#### [TASK]
Instruction for the entries that follow: retype exactly the lines from the line with "Уважаемые родители!" to the line with "Мы хотим обратить", both included, and omit all others.

#### [MATERIAL FOR THE TASK]
# # #

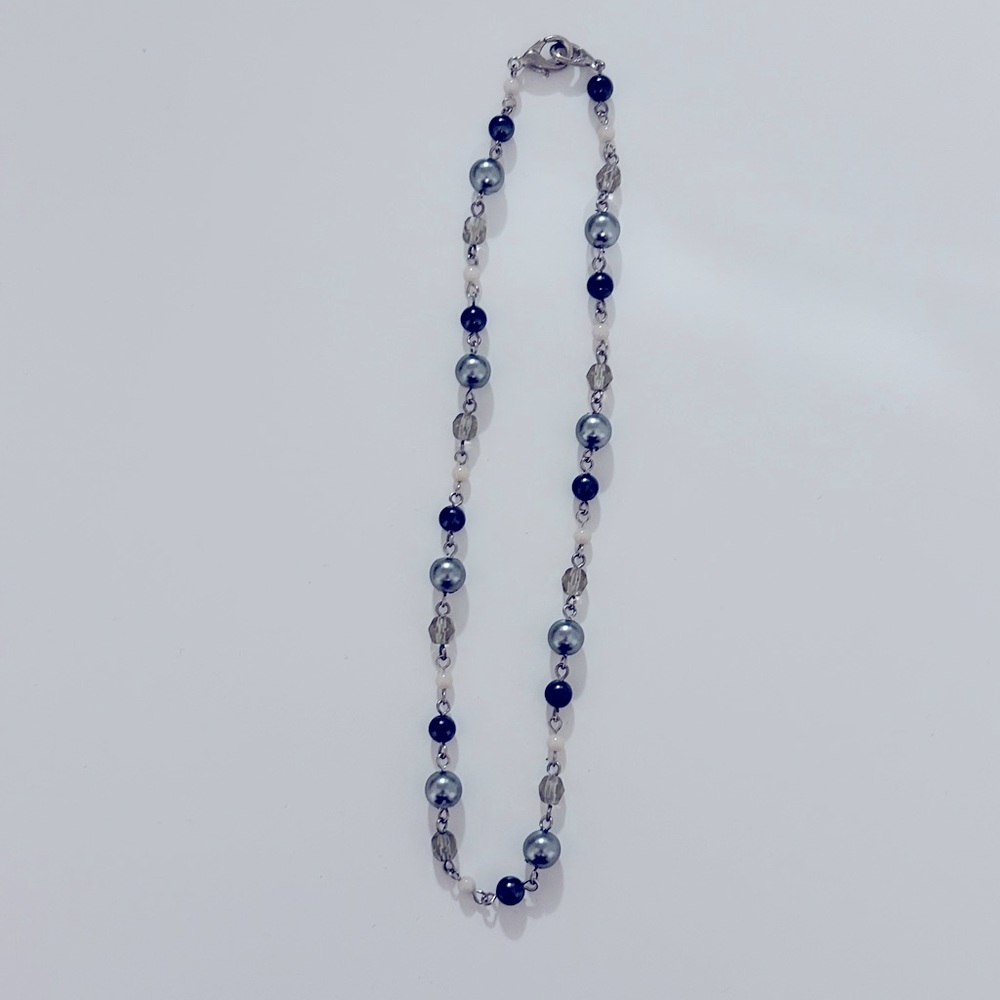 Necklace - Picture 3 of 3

# # #

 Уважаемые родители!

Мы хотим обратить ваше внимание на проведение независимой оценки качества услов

# # #

#### [WORKED SOLUTION]
 Уважаемые родители!

Мы хотим обратить ваше внимание на проведение независимой оценки качества услов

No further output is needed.